Hares and Lynx

[Friday February 29, 2008] The U.S. Fish and Wildlife Service (FWS) announced that it intends to designate 42,753 square miles in six states as an area under tighter federal oversight for protection of the lynx as an endangered species. This area will include much of Yellowstone National Park and large portions of Teton and Lincoln counties in Wyoming. This ruling would reverse earlier rulings by the Deputy Assistant Secretary of the Interior, Julie MacDonald, who has since resigned while under fire from Congress for falsifying scientific evidence in her decisions.

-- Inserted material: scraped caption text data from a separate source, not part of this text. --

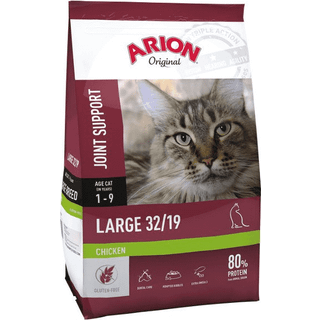 ARION Adult Large kylling 7,5 kg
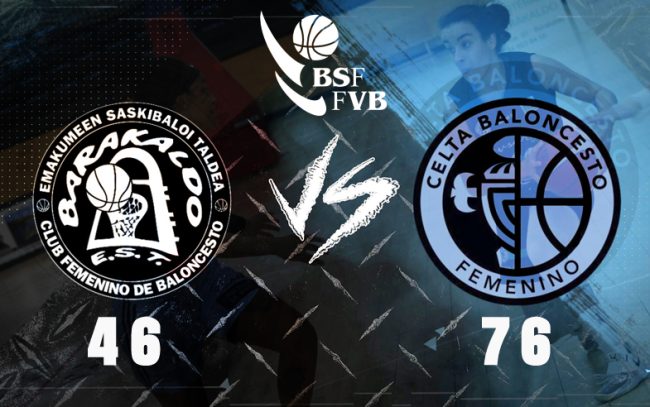 HGB-AUSARTA-CELTA-RESULTADO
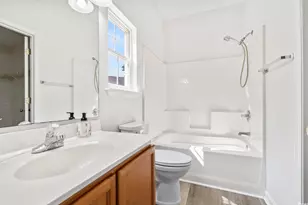 3853 Barrington Ln, Myrtle Beach, SC 29588 - Photo 16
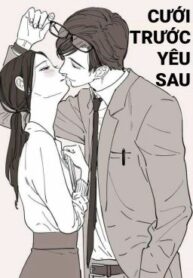 cuoi-truoc-yeu-sau-full-mong-tieu-nhi-321398458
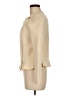 PaperWhite Gold Jacket Size 6 - photo 5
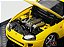 *** PRÉ-VENDA *** Toyota Supra A80 1:64 LCD Models Amarelo PV12943 - Imagem 7
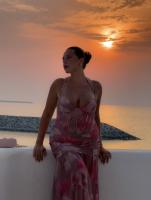 603974736: Chica busca chico en Málaga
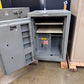 Pre-Owned AMSEC TL-30 Drop Safe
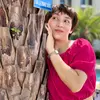 Hoan Lee - @le_kim_hoan - TikTok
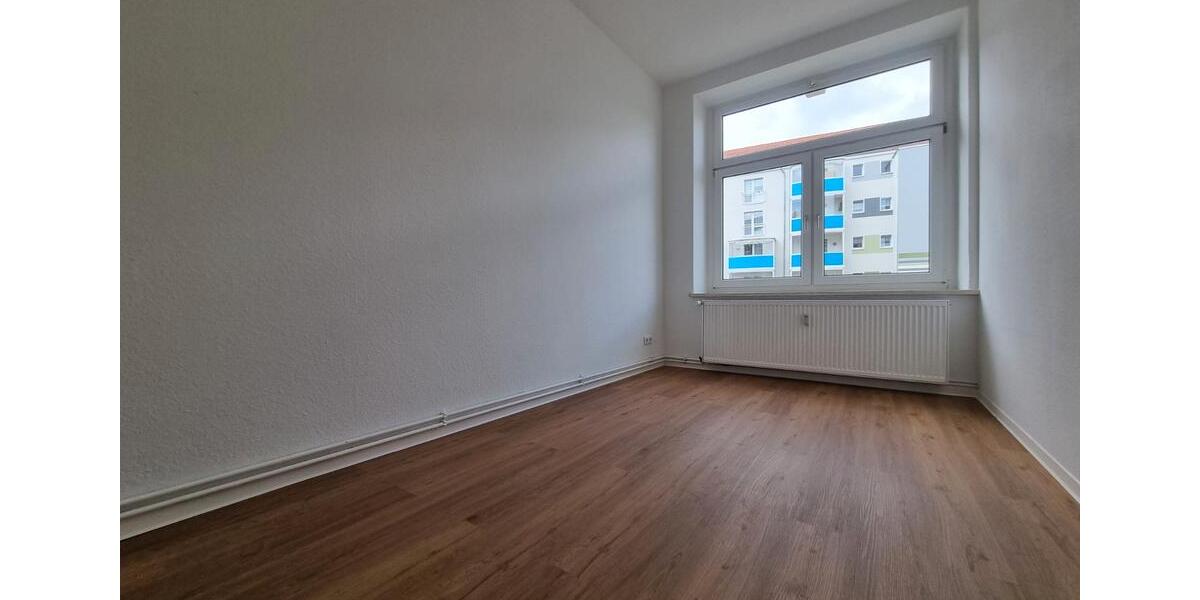 Erdgeschoßwohnung Halberstadt - 2 Zimmer, 47 m&sup2;, 305&euro; | Angebot:26647188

This move by the FWS comes on the heels of a new study released in mid-February by the Wildlife Conservation Society that documents the sudden disappearance of jack rabbits from the Greater Yellowstone Ecosystem. Once abundant throughout Yellowstone and Grand Teton parks, the white-tailed jack rabbit is now a (very) rare sighting; the last documented sighting in Yellowstone was 1991. The decline in population has occurred within the last ten to twenty years and went largely unnoticed. The study was unable to pinpoint a cause for the disappearance – it could be disease, predation, hard winters or a combination of factors. In any case, the study points out that the loss of jack rabbit prey will affect wolves, coyotes, lynx, and other small predators. Jack rabbits are usually a primary source of food for lynx, and their decline may seriously affect the long-term recovery.